Last of the PEX Water Lines

July 23, 2015

I spent the whole day running the last of the PEX through my tiny house and while I am happy to say that I finally finished that project, the whole thing was just so much harder than I thought it was going to be.

Here are the major difficulties and accomplishments I can remember working on the house yesterday:

  • I spent about an hour in the morning trying to figure out exactly where I was going to drill holes in the floor for the three PEX lines that would go to my water heater and provide a drain my water tank. I thought about going directly through the floor, but eventually discarded that idea because I was afraid the hole in the metal flashing underneath my subfloor might be sharp and eventually cut through my PEX. I also wanted the PEX to come out somewhere near the edge of the house where it would be easy to access when I needed to attach or detach my water heater. Eventually, I decided to run it through the bottom edge of my rear wall. That involved drilling a 5 inch hole at exactly the right angle so that the PEX would come out between my trailer frame and the edge of my wall sheathing, a space of only 2 inches. I drilled one hole successfully before realizing it really wasn’t in a good spot and then drilled three more holes that I would actually end up using.
Drilling Holes at the Right Angle

Drilling Holes at the Right Angle

Finished Hole

Finished Hole

More Holes with Start of Cold (Right) and Hot (Left) Lines

More Holes with Start of Cold (Right) and Hot (Left) Lines

Cold Line Coming Out Bottom of Rear Wall

Cold Line Coming Out Bottom of Rear Wall

  • The next thing I needed to do was design some kind of block that I could attach all of the fixtures for my water heater underneath the rear wall of my house (to heat my water, I purchased an Eccotemp L5 Portable Tankless Water Heater which was relatively inexpensive, but cannot be installed inside the house). This included two screw on male hose attachments and two on/off valves, one for the cold water line coming out of the house and one for the hot water line going back into the house. It took me a while to figure out a good design, but eventually I came up with a notched block of 2 x 4 cedar that would exactly fit in the small space between the subfloor and the exterior sheathing and in length between the hot and cold lines coming down through the wall. I cut the block when I was at the tiny house and later in the day, took some time to stain it. I also carefully assembled the fixtures in a way that lined up well with my block.
Block for Exterior Water Heater Fixtures

Block for Exterior Water Heater Fixtures

  • The next problem was figuring out exactly how to run all of the water lines through my mechanicals cabinet with in a way that took up the least amount of space, had the least number of turns, did not impede the installation or removal of the water tank and did not get in the way of the removable wall panel I was going to put behind my stove cabinet. Meeting all of those different requirements turned out to be quite a geometrical challenge. Eventually, Sheila came over to take a look and together, we came up with a solution I was reasonably happy with. By then, it was about 2:30 PM. After that, it was just a matter of cutting all the PEX lines and attaching it all together, which was actually rather fun. That took me until about 5:30 PM.
Final PEX Routing Inside my Mechanicals Cabinet

Final PEX Routing Inside my Mechanicals Cabinet

  • In above photo:
    • Uppermost blue PEX line is input from city water inlet outside the house
    • Large white hose is input from fresh water in line outside the house
    • Red and blue PEX lines running out of the top right side of the picture go to the kitchen sink
    • White object is my Flojet 2.9 GPM 50 PSI Water Pump
    • Flexible braided hose is the connection from the water tank to the pump
PEX Below Mechanicals Cabinet Shelf (Will Be Behind Water Tank)

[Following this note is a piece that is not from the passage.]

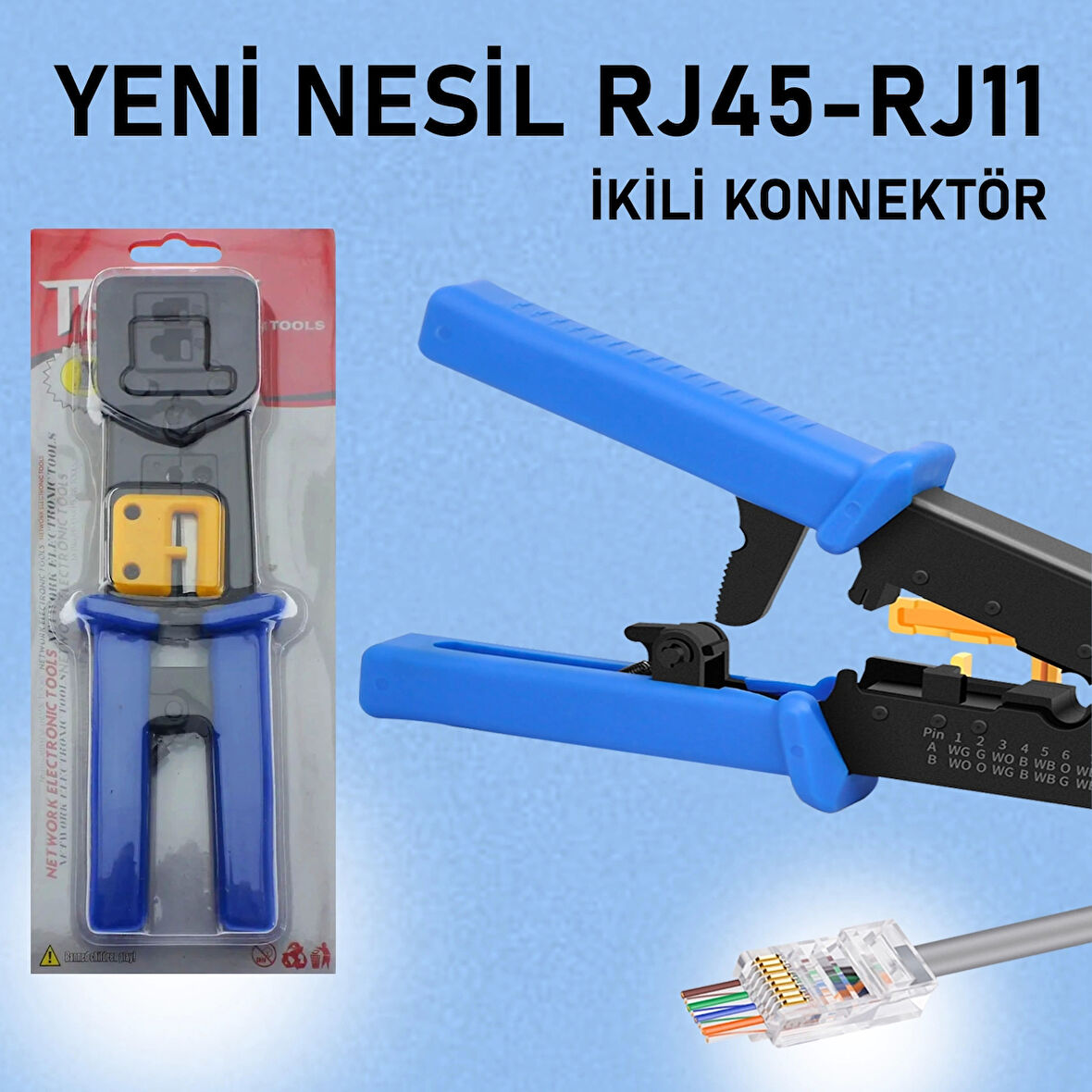 Yeni Nesil RJ45 - RJ11 İkili Konnektör - Cat5 Cat6 Ağ Network Telefon Kablosu Çakma Pensesi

PEX Below Mechanicals Cabinet Shelf (Will Be Behind Water Tank)

After solving the above problems, the only thing left to do was to attach my carefully designed mounting block and water heater fixtures on the outside of the house. I thought about putting this off since I knew it would probably involve a new problem I hadn’t thought of end it was already pretty late in the day, but I really wanted to get everything done. I was sure something would go wrong with this task. But somehow, everything came together exactly the way I had envisioned it and within 45 minutes, I had the block mounted and all of my fixtures attached. I’m really happy with how this turned out. Once I connected all the fixtures and secured them to the block using a few nail in PEX C clamps, the whole mechanism turned out to be extremely sturdy. I’m now quite confident that I will be able to open and close the release valves and attach and detach the hose fittings as many times as I need to without fatiguing any of the parts.

Water Heater Fixtures Outside

Water Heater Fixtures Outside

Fixtures from Undernieth the House

Fixtures from Undernieth the House

That was it for yesterday. I feel like it took me three or four more days than I thought it would, but I have finally finished running all of my water lines. That means that the next thing I get to do is test the water lines. I sure hope they work!

Favorite parts of my day:

  • Having Sheila come out and help me figure out how to run the last of the PEX Lines through my mechanicals cabinet.
  • Attaching all of my PEX fittings to my custom made block on the outside of the trailer and seeing how well it turned out.